Anyway, since their dictionary was published in 1825 and a good number of these people were alive by then, I took the liberty of writing their eventual fate in brackets.
And now that we're done with the preambles, happy 241st birthday, Savary!
This time, I crib from Jouy and Norvins' Biographie nouvelle des contemporains. The choice of these particular authors won't surprise you too much if you know about their family trees... specifically, who they married.
Anyway, since their dictionary was published in 1825 and a good number of these people were alive by then, I took the liberty of writing their eventual fate in brackets.
And now that we're done with the preambles, happy 241st birthday, Savary!
Sketch by Mathieu van Bree |
Savary
(Anne-Jean-Marie-René,
Duke of Rovigo),
lieutenant-general, grand-cordon of the Legion of Honour and of the
Order of Fidelity of Baden, knight of the Iron Crown, etc., was born
on 26 April 1774 in the village of Marc[q], in Champagne, from an
honourable and locally famous family. His father, a former soldier,
knight of Saint-Louis, had obtained the position of major
of the Sedan fortress after his retirement. Young Savary showed the
same penchant for a military career, enlisted as a second lieutenant
in the Royal-Normandie cavalry regiment, in October 1790, and was
called on to serve within the staff of the Army of the Rhine in 1794.

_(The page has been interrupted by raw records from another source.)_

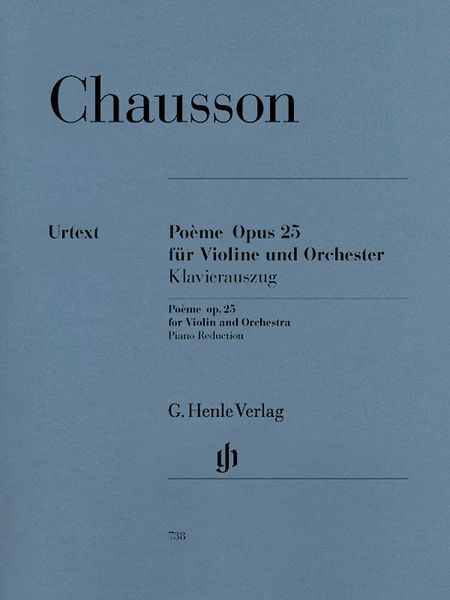Poème, Op. 25 : For Violin and Orchestra - Piano reduction edited by Peter Jost.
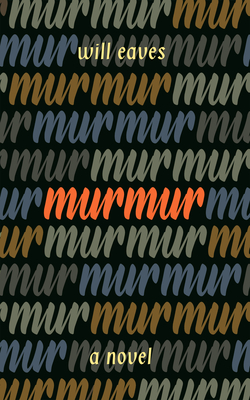 Murmur - Eaves, Will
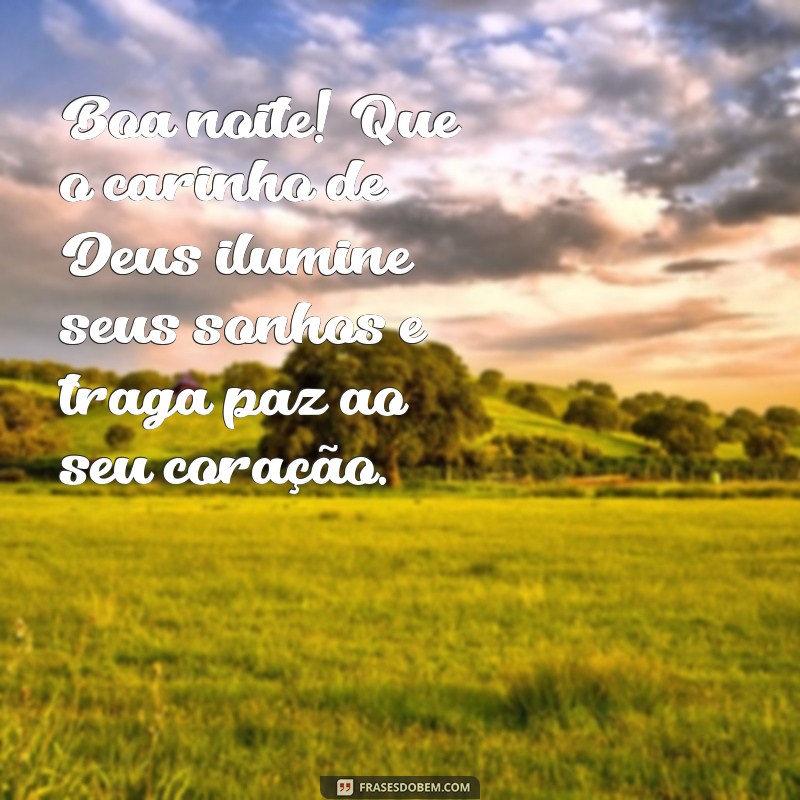 boa noite com carinho de deus te abençoe Boa noite! Que o carinho de Deus ilumine seus sonhos e traga paz ao seu coração.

At the crossing of this river, he was under General Moreau’s
orders; even though he was only a captain, the commander-in-chief
entrusted him with the command of a battalion that was to lead a
diversion, allowing the rest of the army to cross the bridge of Kehl,
in front of Strasbourg. At the battle of Friedberg, near Augsburg, he
was given command of the infantry column right of the army, which
outflanked the enemy’s left and contributed to the victory on that
day. On the following year, Desaix put him at the head of the troops
in his division that were to attempt the crossing of the Rhine once
more, which they did, by force and during the day. His conduct on
that day earned the young captain a promotion to lieutenant-colonel.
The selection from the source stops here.